Re: [PATCH 2/25]: Avoid accumulation of large send credit

Gerrit Renker <gerrit@xxxxxxxxxxxxxx> · Wed, 11 Apr 2007 15:50:37 +0100

Quoting Eddie Kohler:
|  > Fix:
|  > ----
|  >  Avoid any backlog of sending time which is greater than one whole t_ipi. This
|  >  permits the coarse-granularity bursts mentioned in [RFC 3448, 4.6], but disallows
|  >  the disproportionally large bursts.
|  
|  Actually this does not permit coarse granularity bursts, since it limits 
|  the maximum burst size to 2 packets.  That is not sufficient for high 
|  rates and medium-to-low granularities and it is far stricter than TCP.
|  
The comment affects the commit message. I can change that if you like. With regard to the
remainder:

First is the issue with TCP. As shown below, increasing the allowed lag beyond one full 
t_ipi will effectively increase the sending rate beyond the allowed rate X; which 
means that the sender sends more per RTT than it is allowed by the throughput equation. 

With regards to stricter, we do respect RFC 4340, 3.6,
 `DCCP implementations will follow TCP's "general principle of robustness": 
  "be conservative in what you do, be liberal in what you  accept from others" [RFC793].'

Finally, the main reason for using a tighter value on the maximum lag is to protect against
problems with high-speed hardware. Commodity PCs already have Gigabit ethernet cards and
the Linux stack nicely scales up to speed. Unfortunately, unless one implements real-time
extensions to pace the packets, there will always be slack and accumulation of send credits.

And these will accrue for the simple reason that a t_ipi of 1.6 milliseconds becomes 1 millisecond,
and a t_ipi of 0.9 milliseconds becomes 0 milliseconds. 

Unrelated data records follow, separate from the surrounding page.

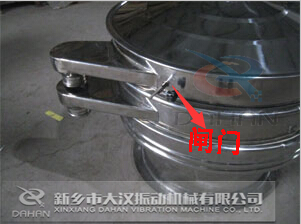 不锈钢妖精视频网站入口闸门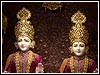 Inauguration Ceremony of BAPS Shri Swaminarayan Mandir, Toronto Canada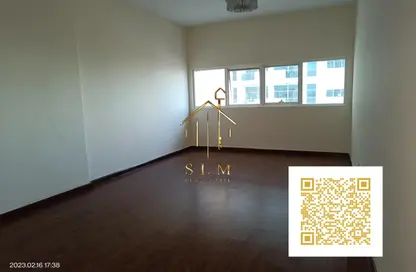 Apartment - 1 Bedroom - 2 Bathrooms for sale in Ajman One Tower 12 - Ajman One - Ajman Downtown - Ajman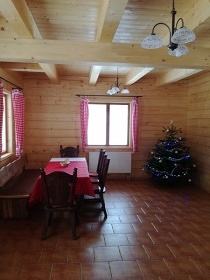 Roubenka Kysucké Beskydy - Javorníky - Turzovka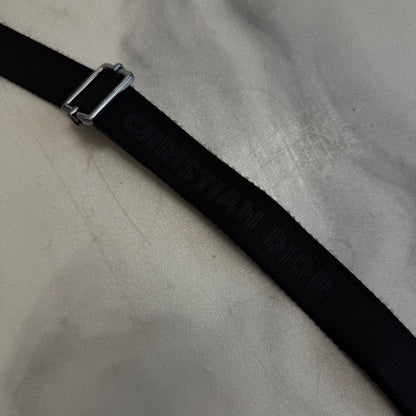 Dior Shoulder Pouch Oblique
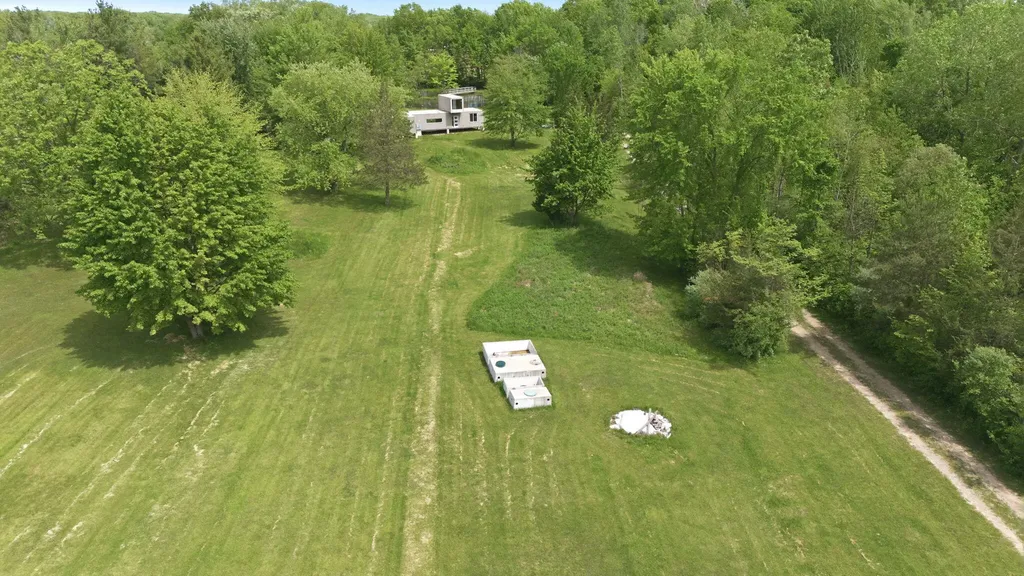 7767 Warren Woods Road Chikaming Township MI 49128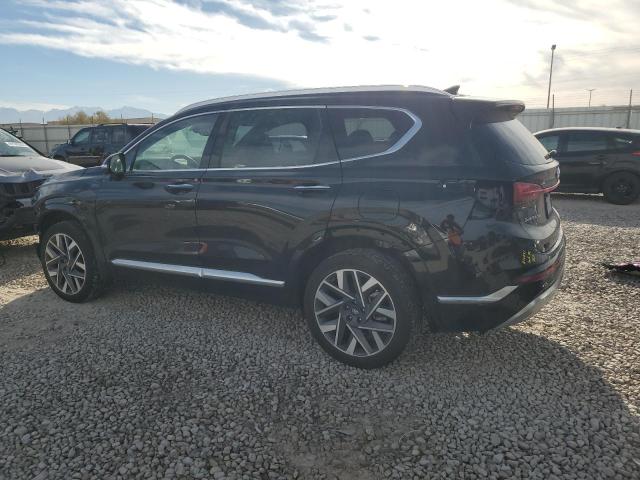 Photo 2 from auction – 2023 HYUNDAI SANTA FE C with VIN 5NMS5DAL8PH633916
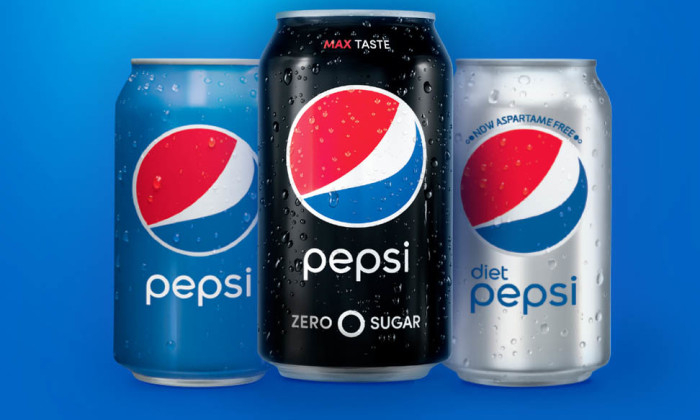 Pepsico Steps Up Marketing Investment On Its ?big Brands? photo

There is no way to stop a Linux CCID3 sender from ramping X up to the link bandwidth of 1 Gbit/sec;
but the scheduler can only control packet pacing up to a rate of s * HZ bytes per second.
Therefore, if we allow slack in the scheduling lag, the bursts on such systems as use
Gbit or even 10-Gbit ethernet cards will become astronomically large. It is thus safer to choose the
more restrictive value. Of course, a regrettable compromise. But to do the scheduling right _and_
safe requires real-time extensions or busy-wait threads (not sure that they will find much favour). 
The same topic has been discussed several times over on this mailing list. 

C o n c l u s i o n :
=====================
The patch fixes a serious problem which will occur in any application using CCID3, due to
realistically possible conditions such as

 * a low sending rate and/or
 * silence periods and/or
 * scheduling inaccuracies (as described above).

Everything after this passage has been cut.